Exercise: One part of the entries below is wanted: the lines from the one containing "Okay guys, here" through the one containing "Hey guys, so". Write those out exactly and nothing else.

###

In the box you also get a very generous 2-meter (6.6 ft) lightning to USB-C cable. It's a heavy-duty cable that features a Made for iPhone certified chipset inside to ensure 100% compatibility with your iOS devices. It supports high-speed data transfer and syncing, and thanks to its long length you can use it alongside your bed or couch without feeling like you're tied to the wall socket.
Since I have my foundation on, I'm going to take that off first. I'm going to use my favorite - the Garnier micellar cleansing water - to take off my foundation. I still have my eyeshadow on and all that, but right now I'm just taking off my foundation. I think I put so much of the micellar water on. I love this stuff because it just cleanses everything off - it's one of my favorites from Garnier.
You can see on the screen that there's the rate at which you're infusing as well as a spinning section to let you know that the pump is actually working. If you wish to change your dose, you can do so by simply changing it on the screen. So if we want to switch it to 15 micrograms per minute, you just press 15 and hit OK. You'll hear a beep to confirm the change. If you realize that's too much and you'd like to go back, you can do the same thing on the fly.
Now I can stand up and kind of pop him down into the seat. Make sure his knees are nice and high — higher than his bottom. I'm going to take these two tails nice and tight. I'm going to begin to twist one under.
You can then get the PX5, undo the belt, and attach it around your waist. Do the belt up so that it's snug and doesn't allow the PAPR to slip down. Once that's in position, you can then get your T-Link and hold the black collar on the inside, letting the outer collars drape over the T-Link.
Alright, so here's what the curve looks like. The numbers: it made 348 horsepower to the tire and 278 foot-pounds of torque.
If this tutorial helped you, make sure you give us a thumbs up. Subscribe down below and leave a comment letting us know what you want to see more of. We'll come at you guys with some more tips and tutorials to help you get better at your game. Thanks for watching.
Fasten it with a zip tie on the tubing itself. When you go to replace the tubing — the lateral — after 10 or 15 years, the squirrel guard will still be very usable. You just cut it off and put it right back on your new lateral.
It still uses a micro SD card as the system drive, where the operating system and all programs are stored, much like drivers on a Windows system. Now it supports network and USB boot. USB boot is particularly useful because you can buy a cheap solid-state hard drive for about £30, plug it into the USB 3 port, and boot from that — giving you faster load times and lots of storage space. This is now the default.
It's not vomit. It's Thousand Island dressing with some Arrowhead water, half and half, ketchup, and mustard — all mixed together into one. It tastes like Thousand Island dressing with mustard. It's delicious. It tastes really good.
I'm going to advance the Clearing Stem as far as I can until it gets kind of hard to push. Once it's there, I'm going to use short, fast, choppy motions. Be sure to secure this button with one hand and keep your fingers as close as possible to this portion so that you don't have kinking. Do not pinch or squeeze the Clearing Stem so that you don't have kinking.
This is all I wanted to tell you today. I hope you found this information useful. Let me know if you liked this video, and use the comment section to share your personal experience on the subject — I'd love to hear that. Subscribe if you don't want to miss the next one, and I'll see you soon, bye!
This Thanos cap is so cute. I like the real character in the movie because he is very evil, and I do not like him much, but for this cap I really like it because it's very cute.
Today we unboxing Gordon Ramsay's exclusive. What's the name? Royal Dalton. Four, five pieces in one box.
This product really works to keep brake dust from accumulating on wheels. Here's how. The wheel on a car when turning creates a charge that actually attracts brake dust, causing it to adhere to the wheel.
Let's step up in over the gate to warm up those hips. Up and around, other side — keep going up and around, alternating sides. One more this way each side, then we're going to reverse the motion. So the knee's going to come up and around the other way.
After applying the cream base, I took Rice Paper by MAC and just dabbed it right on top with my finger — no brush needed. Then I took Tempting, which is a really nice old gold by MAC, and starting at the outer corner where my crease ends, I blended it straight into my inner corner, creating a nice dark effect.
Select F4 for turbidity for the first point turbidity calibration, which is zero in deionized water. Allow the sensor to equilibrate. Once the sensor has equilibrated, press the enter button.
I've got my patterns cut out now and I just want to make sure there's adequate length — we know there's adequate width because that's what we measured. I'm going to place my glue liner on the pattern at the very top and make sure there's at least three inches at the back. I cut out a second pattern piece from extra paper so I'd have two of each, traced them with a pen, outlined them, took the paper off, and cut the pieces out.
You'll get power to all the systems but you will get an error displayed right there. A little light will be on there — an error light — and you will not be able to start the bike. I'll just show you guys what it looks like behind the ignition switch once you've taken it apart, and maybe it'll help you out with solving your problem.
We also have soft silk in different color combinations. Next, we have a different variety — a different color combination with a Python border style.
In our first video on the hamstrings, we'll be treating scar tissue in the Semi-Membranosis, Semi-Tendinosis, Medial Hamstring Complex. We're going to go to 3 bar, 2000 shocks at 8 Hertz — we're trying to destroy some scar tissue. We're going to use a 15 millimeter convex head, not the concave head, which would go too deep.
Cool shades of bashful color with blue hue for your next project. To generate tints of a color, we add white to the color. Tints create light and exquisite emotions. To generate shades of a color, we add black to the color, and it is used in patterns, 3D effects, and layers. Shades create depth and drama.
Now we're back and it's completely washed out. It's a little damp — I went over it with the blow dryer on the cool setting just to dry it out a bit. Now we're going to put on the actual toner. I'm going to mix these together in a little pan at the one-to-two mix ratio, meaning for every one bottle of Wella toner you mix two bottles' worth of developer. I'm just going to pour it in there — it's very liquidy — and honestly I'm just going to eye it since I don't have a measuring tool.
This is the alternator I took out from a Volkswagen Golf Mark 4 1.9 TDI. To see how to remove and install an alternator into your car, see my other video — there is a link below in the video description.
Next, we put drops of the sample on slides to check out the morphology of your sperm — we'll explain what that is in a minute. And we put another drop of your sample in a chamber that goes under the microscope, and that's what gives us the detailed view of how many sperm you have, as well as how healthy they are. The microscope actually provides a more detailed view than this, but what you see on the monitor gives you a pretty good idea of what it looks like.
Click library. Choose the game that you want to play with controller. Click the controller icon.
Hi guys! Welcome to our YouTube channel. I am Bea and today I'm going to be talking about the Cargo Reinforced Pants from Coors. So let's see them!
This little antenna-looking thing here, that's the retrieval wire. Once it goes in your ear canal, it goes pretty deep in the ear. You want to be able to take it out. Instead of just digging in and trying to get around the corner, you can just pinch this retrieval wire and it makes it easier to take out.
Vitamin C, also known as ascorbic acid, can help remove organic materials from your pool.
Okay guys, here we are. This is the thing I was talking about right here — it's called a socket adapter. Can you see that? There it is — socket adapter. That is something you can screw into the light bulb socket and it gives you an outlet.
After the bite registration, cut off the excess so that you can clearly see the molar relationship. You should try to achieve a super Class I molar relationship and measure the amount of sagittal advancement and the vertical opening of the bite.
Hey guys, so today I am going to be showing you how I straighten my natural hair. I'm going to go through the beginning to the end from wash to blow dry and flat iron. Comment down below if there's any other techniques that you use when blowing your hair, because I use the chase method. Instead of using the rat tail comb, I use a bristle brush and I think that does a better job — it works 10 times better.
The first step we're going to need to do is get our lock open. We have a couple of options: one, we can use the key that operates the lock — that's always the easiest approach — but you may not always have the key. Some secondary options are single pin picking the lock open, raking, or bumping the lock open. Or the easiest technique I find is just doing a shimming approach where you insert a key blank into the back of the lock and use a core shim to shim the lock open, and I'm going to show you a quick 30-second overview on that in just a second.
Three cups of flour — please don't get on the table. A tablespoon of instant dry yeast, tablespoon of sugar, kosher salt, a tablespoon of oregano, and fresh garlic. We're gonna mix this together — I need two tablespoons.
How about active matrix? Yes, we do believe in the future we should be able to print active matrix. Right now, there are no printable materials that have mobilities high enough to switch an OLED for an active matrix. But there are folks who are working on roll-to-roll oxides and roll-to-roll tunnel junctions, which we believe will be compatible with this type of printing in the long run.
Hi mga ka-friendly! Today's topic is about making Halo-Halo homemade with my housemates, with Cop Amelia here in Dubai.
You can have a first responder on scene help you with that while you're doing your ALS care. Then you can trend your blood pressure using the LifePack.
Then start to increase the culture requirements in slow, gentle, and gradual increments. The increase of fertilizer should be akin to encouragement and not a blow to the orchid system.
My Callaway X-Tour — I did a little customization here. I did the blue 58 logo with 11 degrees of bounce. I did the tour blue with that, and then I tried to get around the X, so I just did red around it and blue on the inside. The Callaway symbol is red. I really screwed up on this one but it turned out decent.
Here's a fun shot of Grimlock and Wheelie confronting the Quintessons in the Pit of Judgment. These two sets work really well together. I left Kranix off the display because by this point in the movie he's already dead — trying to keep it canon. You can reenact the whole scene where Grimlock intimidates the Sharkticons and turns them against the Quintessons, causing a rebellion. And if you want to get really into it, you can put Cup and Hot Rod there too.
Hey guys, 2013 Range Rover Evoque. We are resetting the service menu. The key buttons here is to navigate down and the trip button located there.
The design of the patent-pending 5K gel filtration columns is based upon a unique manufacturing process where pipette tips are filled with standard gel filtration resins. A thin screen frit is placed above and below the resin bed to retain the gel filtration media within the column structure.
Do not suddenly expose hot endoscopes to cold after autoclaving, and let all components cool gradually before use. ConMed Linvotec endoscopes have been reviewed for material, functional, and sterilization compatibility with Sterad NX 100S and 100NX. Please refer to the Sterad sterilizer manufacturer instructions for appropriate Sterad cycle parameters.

###

Solution below:
Okay guys, here we are. This is the thing I was talking about right here — it's called a socket adapter. Can you see that? There it is — socket adapter. That is something you can screw into the light bulb socket and it gives you an outlet.
After the bite registration, cut off the excess so that you can clearly see the molar relationship. You should try to achieve a super Class I molar relationship and measure the amount of sagittal advancement and the vertical opening of the bite.
Hey guys, so today I am going to be showing you how I straighten my natural hair. I'm going to go through the beginning to the end from wash to blow dry and flat iron. Comment down below if there's any other techniques that you use when blowing your hair, because I use the chase method. Instead of using the rat tail comb, I use a bristle brush and I think that does a better job — it works 10 times better.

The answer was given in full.